Obviously, this kind of "thingy" can block or reroute any network traffic you want, classically based on source and destination. That is what a classic firewall does. With stateful inspection (developed by Checkpoint in the 90ies) you get at least some intelligence to that relative primitive process and with deep packet inspection even more - the latter unfortunately breaks privacy. And indeed it needs a considerable amount of computing resources with heavy load.
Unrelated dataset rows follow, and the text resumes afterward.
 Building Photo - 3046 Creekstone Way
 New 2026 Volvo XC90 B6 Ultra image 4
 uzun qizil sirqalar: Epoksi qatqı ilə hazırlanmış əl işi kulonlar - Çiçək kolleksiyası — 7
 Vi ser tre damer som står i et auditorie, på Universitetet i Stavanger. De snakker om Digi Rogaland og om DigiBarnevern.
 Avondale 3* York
While it is highly desirable to do your filtering on a different physical host than the one that runs your forum for a bunch of reasons, this seems pretty demanding for small forums/websites and the people running them. If you rule out cloudflare (i.e. for privacy reasons) like I do and can live w/o DDOS protection (like I do) you can still have the rest and run your firewall on the same machine. Maybe in form of docker instances or virtual hosts or even on the same host. So you could have i.e a setup:

incoming traffic -> iptables (or similar) -> apache/nginx -> Xenforo

If you are on shared hosting like me you typically can't use/configure iptables or the webserver config and are limited to things like .htaccess or XenForo itself. While not optimal from a performance and architecture point of view in many cases sufficient (but annoying to maintain, does not scale properly with performance issues as a consequence with many rules in place, barely useful logging, so bugfixing quickly becomes a nightmare).
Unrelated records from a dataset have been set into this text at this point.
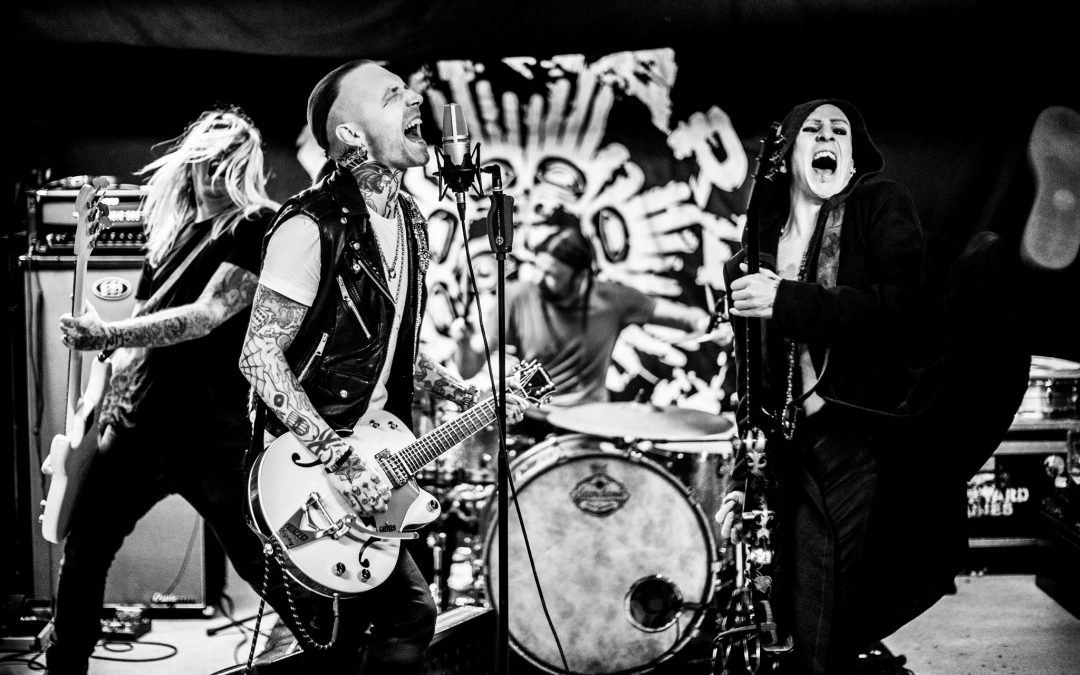 BACKYARD BABIES+JOLLY JOKER+CAPITAN BOOSTER EN LA SALA «REPVBLICCA».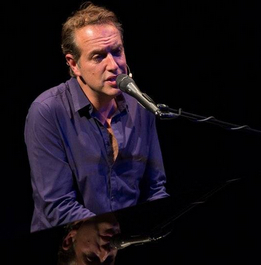 richard kemper van veldhuis en kemper speelt piano zingt podium optreden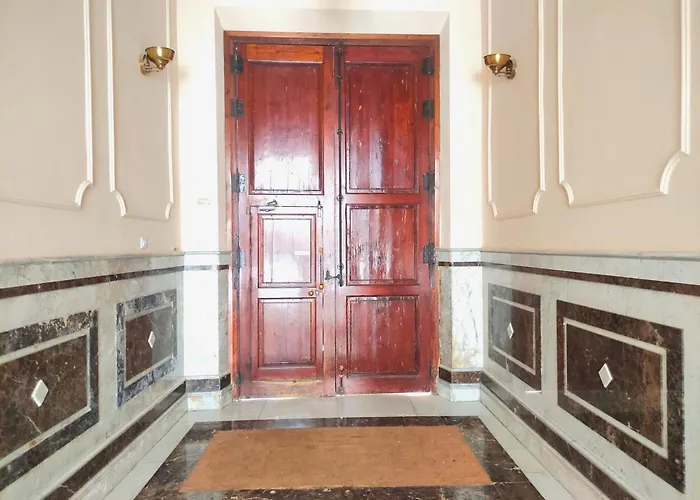 Palacio De Marqueses De Monsalud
However: The Firewall or Gateway, no matter where it runs, does follow rules. Some of those are easy (like only allowing certain ports or not allowing certain ip-addresses), some a little more complex. And this is where something comes into play what a solition provider would probably market as "threat intelligence": The rules the firewall executes have to come from somewhere. There are some which you can define w/o thinking and Cloudflare claims to do a lot of magic (and maybe it does). Plus a lot of this magic comes from statistical data, based on the very huge amount of hosts that use cloudflare. This way cloudflare is able to discover patterns in worldwide internet traffic and to react to that. This is way more than you can do yourself and no doubt, if they do their homework properly, can offer good protection in many cases.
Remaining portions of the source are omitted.